U.S.-Russia Relationship, Kosovo, and Missile Defense

Daniel Fried, Assistant Secretary for European and Eurasian Affairs
Press Roundtable with Brussels-based Journalists
Brussels, Belgium
May 16, 2007

Assistant Secretary Fried: Thank you for coming in at short notice.

I arrived in Brussels this morning from Moscow where I accompanied Secretary Rice in her meetings in Russia. As you know, she met with President Putin, dinner with Foreign Minister Lavrov last night. She met with civil society representatives, as is her usual practice, and had a set of in-depth discussions on some of the problems in the relationship and some of the areas of cooperation in the relationship.

A lot has been written in response about her message to the Russians that we hope the tone of the relationship and the rhetoric around the relationship will improve. I must say that reporting is quite largely accurate. That is, she did deliver that message, and as you saw yesterday Foreign Minister Lavrov said he agreed, that the tone of the relationship had gotten - my words, not his - a bit out of whack, and that it was important that the rhetoric be moderate and constructive. Again, my words, not his. But that was important.

The U.S.-Russia relationship is by its nature going to be a complicated one because we have a complicated history. There are a great number of areas in which we're working together well. There are some areas in which we have disagreements. And we have to learn how to deal with the relationship which embraces areas of cooperation, areas of disagreement, and not let ourselves get tied into knots, swinging wildly one way or another.

Secretary Rice had a good couple of days in Russia. There are issues on which we continue to disagree. Kosovo is one. Missile defense is another. We have said before that Russia needs to become accustomed to the fact of the independence and sovereignty of countries that were once in its sphere of influence or even Soviet-controlled, and realize these countries have found their own way in the world.

We also believe that it's natural for there to be political temptations in both Russia and some of these countries to take rhetorical swipes at each other, but we think a better future is one in which neighbors are working well together.

So Secretary Rice had a very good day in Moscow, but all that does is give us the ability to deal more effectively with an agenda which is complicated, as I said.

With that brief summary, I'm happy to take your questions.

Question: On Kosovo, after those talks and other contacts, have you got an idea as to whether resolution on Kosovo can still be possible by the end of this month? And have you got more of a feeling for what type of possible adaptations to the draft UN Resolution would be necessary to accommodate some of Russia's concerns?

Assistant Secretary Fried: Sure. We have not tabled a draft in New York, we have circulated a draft, and there is a difference. You table a draft when you're pretty sure that's basically the form it's going to go through on. You circulate it when you want to do some more consultations.

I can't speak as to the timeline now. The Europeans have at least as much at stake in Kosovo as we Americans. Quite arguably, more at stake. It is, after all, in Europe. It's a European problem. If things go very badly it will be Europeans who pay the price more than the Russians or the Americans.

So let's see how the talks in Samara go between Chancellor Merkel and President Putin.
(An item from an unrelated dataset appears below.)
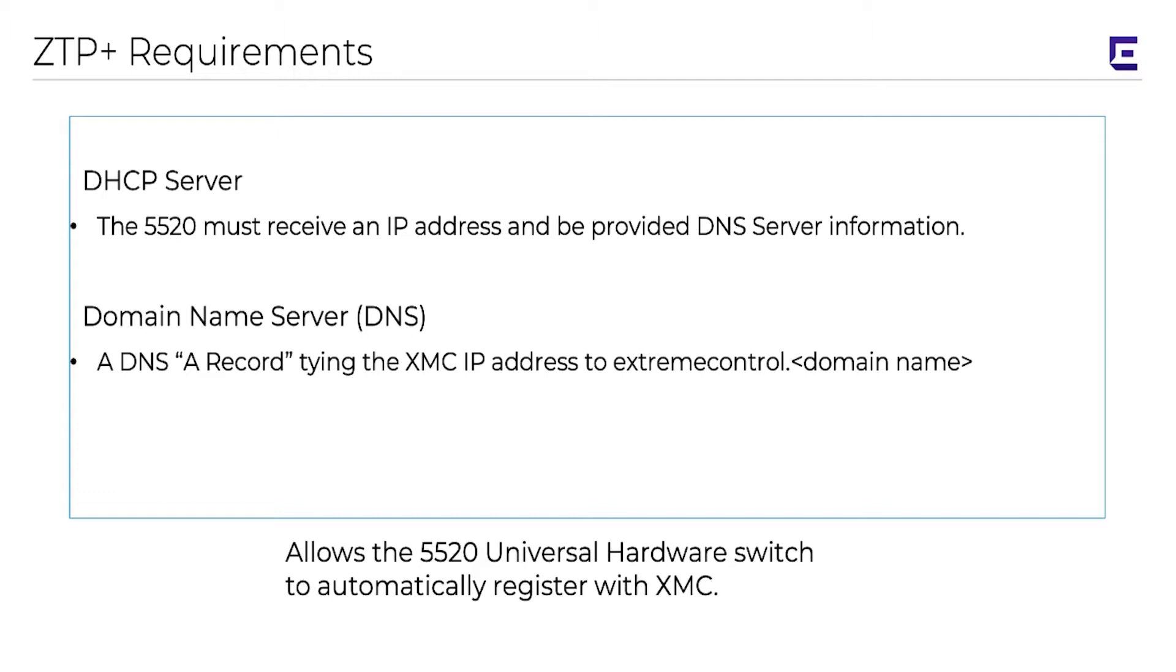When the switch is powered on, after receiving an IP address, the auto provision application known as the Cloud Connector, which is enabled by default on the switch, uses DNS to locate the IP address of the XMC and then automatically registers.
We'll be consulting with our European friends and decide the best way to go forward.

Look, no one likes the set of choices we have on Kosovo. We think the way Yugoslavia fell apart in war and bloodshed with ethnic cleansing was terrible. It was terrible. We would not have had it so, but that wasn't our doing and it wasn't our choice. We now are faced with the reality on the ground. The reality on the ground, like it or not, is that the Kosovars will never again be ruled by Belgrade. We have to face that.

They've been under UN administration since 1999. They're not going to be under Belgrade administration. That's just not going to happen.

So it is in our view best for all of the peoples, including the Kosovar Serbs, that this de facto situation be recognized de jure. That is why we support supervised independence for Kosovo, and the purpose of the supervision will be to, among other things, and principally to secure the rights of the Kosovar Serbs.

The other thing we need to do is to reach out to Serbia, which deserves a place in Europe. The Serbs need to see a European future as a counterpoint to the vision of the past that the nationalists keep offering and which has had such disastrous consequences for Serbia.

That's our position, it remains our position, and we want to get there as best we can.

If Russia has suggestions that make sense, we are more than happy to take them. There may be some good Russian ideas out there, and I look forward to hearing them.

Question: Could you brief us on the progress of negotiations on [missile defense]? How far are we from the end of it and what [inaudible]?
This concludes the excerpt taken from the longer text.